Also, there is a shift in the whole rental and holiday sector brought about by the Internet. Web sites like AIRBNB and other home swap sites make it possible for individuals to rent out rooms and offer B&B very inexpensively. They don’t register and therefore don’t have the expense of following regulations that official casas rurales must. They probably should, but the fact is at this point in time they don’t.

If you do go ahead, keep 100k of that 300 in your pocket. You have to have resilience (mentally and financially) to persevere during the build-up of business and later the slow times.


----------



## caromac (Nov 16, 2008)

We did exactly this in 2007 just at the start of the recession. Loved it! Had visitors from as far afield as Australia. Our idea was a little different as we went towards rural village tourism, focusing on walking, cycling, photography etc. We live near an airfiled and have housed a few trainee pilots too. Just because we don't do it anymore was not because it didn't work but for other personal reasons. Furthermore after giving up 3 years ago we still get enquiries from the original website. This is without an recent marketing. It CAN be done but do your research!
Good luck


----------



## baldilocks (Mar 7, 2010)

A lot of residents, like us, rent an apartment or similar partly, because it gives us the freedom to do what we want when we want, partly because it gives dietary control (low-fat, low-salt, lactose-free, etc.) without inconveniencing the hosts and partly because we take two smallish well-behaved dogs with us.


----------



## webmarcos (Dec 25, 2012)

I know someone (from Korean extract) who started renting a hostal in Madrid. They're doing very well - they cater for Korean tourists doing the major cities of western Europe bit, and provide a good Korean breakfast. Helps too that renting is so economical in Spain. Find a niche where you have an unfair advantage, and exploit it mercilessly.


----------



## Alcalaina (Aug 6, 2010)

An English couple opened a B&B in our village about the same time as we moved here,. It has taken five or six years to establish itself, but is now doing quite well. Forming links with rural activity groups and clubs is definitely a good idea. They are now have a deal with a cycling group and drive their luggage to the next stopping point after they've stayed the night.

Getting on the right side of your town hall is absolutely crucial. They have so much power and can impose silly rules retrospectively. Take the mayor out for lunch as soon as possible and make her/him your best friend!

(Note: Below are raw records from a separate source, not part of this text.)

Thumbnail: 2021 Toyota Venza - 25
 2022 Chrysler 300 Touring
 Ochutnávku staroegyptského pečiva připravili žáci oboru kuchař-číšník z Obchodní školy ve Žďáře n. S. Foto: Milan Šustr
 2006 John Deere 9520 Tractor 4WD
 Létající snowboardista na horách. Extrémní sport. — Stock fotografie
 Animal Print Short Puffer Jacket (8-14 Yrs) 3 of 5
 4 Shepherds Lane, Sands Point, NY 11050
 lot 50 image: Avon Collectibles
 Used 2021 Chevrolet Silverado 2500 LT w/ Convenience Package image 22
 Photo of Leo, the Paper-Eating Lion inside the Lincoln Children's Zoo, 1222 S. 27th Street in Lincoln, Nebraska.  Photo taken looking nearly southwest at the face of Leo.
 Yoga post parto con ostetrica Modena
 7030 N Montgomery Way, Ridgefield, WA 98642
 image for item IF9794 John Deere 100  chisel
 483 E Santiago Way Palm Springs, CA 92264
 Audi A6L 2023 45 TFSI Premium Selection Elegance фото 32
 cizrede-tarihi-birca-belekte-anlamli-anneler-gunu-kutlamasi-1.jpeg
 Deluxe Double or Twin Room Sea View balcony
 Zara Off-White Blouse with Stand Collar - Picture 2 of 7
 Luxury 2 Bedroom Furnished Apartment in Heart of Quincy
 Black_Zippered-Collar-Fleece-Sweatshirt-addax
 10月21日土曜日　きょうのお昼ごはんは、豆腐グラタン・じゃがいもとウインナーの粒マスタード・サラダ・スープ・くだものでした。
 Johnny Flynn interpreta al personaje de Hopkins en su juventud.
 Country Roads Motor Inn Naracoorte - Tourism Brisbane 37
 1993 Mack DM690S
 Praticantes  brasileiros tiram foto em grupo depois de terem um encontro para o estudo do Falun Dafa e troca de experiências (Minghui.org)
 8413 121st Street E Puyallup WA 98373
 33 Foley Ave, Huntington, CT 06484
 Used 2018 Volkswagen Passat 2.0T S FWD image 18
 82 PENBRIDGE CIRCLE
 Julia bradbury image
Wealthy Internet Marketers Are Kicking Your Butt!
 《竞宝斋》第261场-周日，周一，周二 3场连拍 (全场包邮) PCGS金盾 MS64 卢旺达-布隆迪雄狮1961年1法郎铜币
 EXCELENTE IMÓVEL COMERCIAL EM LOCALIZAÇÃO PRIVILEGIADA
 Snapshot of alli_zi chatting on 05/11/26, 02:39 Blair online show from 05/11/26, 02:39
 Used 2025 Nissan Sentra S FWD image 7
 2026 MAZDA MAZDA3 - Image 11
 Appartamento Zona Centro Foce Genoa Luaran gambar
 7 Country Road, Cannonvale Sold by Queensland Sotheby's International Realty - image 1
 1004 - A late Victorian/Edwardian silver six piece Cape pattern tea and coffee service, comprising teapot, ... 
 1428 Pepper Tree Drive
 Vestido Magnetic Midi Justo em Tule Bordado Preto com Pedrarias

Another tip is not to spend too much on fixtures and fittings. It's not your home! Stick rigidly to your budget, keep it cheap and cheerful and don't be tempted by beautiful bedspreads.


----------



## Leper (May 12, 2010)

Let's keep the ball on the ground here. The OP is thinking of investing 300K + costs of services after opening. If you make €100 profit every week (which is doubtful to say the least), it will take many years to break even. OK let's say you make a profit of €200 every week (more doubtful) it is likely that you will not break even during your lifetime. On top of this you have the stress of Spanish B&B regulations, buying the mayor(ess) dinner every week, negotiating Spanish taxes, obtaining fresh food, collecting patrons, advertising, utility bills, doing airport/railway station/bus centre runs etc etc and that is before you try to make all your customers happy.

If you are going ahead I recommend you invest much much less and perhaps you will see a return on your money. I wish you only the best of luck. Leave much room for a dignified retreat, just in case . . .


----------



## angil (Sep 24, 2012)

webmarcos said:


> I know someone (from Korean extract) who started renting a hostal in Madrid. They're doing very well - they cater for Korean tourists doing the major cities of western Europe bit, and provide a good Korean breakfast. Helps too that renting is so economical in Spain. Find a niche where you have an unfair advantage, and exploit it mercilessly.


Do you have the address?? Thanks.


----------



## jojo (Sep 20, 2007)

Horlics said:


> What rings alarm bells is that you have no previous experience and although everybody has to start out for a first time, doing so in a country other than your own must surely add risk to what is already a risky venture. I think the first reply to your opening post illustrated this point perfectly, i.e. the difficulties of licensing. I had no idea it was so difficult.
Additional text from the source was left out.